El Heraldo
Opinión

Carnavales vallenatos

Los carnavales vallenatos fueron perdiendo fuerza en la medida en que el Festival se fue consolidando. Hasta entrados los ochenta, la fiesta comenzaba el 6 de enero (aniversario de la fundación de la ciudad) con una alborada que, despertando al pueblo entero, daba la bienvenida al regocijo bajo los acordes del Amor amor. En ese entonces el pueblo era pequeño y todos nos conocíamos, de suerte que cada quien entraba hasta los patios de las casas en las que se ofrecía desayuno para todo el que quisiera.

Célebres fueron algunos personajes de la ciudad por su espíritu carnavalero. Yo era muy niño y Oscarito Pupo -vecino de mis abuelos maternos- era ya bastante viejo, pero recuerdo con nostalgia y cariño las magníficas fiestas que, junto a su esposa Carmen Pupo, Mamina, organizaba durante esta época en su inmensa casona esquinera frente a la catedral.

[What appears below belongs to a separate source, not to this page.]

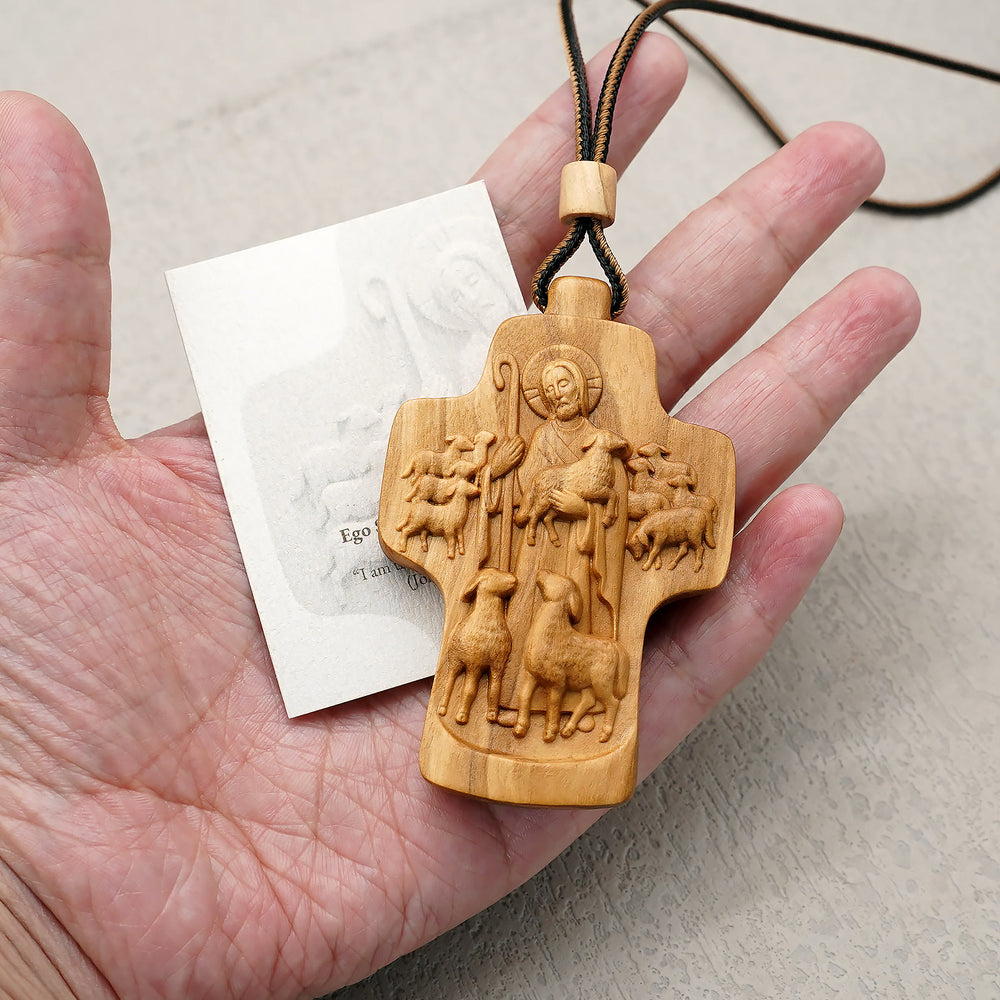 Christianartworkshop Handmade Good Shepherd Jesus With Wood Cross Necklace: A Symbol of Faith and Craftsmanship - image 1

Recuerdo también a Víctor Cohen Salazar, el hombre que llevó el mundo a Valledupar, a quien le gustaba recorrer las calles disfrazado de mil maneras y quien murió, como siempre lo soñó, un sábado de carnaval; a Sanín Murcia encabezando los desfiles en su viejo jeep con la cabrilla a mano derecha; a Carlos Vidal, un riohachero que usaba un sombrerito de paja con plumas de colores; y, por supuesto, a Armando Maestre, quien permitía que su casa colonial en la plaza Alfonso López sirviera como guarida de quienes esperaban el paso del desfile, la tarde del sábado de carnaval, para atacarlo desde el balcón con bolsas de papel rellenas con maicena, convirtiendo esa esquina en una verdadera batalla campal.

A ninguno de ellos los animaba el negocio, sino la alegría.

Poco a poco todo esto se vino abajo, no sólo porque la ciudad no podía detenerse durante tres grandes fiestas el primer semestre del año, contando la Semana Santa, sino también –y especialmente- porque la inseguridad comenzó a hacer de las suyas. Con la aparición de la guerrilla y las amenazas de secuestro Edgardo Pupo Pupo, siendo gobernador, firmó un decreto donde prohibía los capuchones. Esto, de alguna manera, fue para esta fiesta su estocada final.

En varias ocasiones se ha intentado recuperar tan alegre tradición. La última vez sucedió durante la alcaldía de Fredys Socarrás, un hijo del Cañaguate, que es el barrio que más ha sabido guardar las tradiciones del Valle. Desafortunadamente los desfiles en las calles se convirtieron en esa ocasión en desorden, caos y vandalismo.

La fiesta se ha mantenido en casetas, fiestas privadas y clubes sociales, donde nunca faltan las comparsas. Estos últimos sábados, incluso, he visto desfilar a pequeños grupos de carnavaleros por algunas calles de la ciudad. Pero ya no es lo de antes. A pesar del esfuerzo y la nostalgia de unos pocos, el espíritu se ha perdido.

Ojalá volvieran estas fiestas, pero animadas más por el deseo popular que por el afán de unos cuantos de ver cuánto le pueden sacar al alcalde de turno.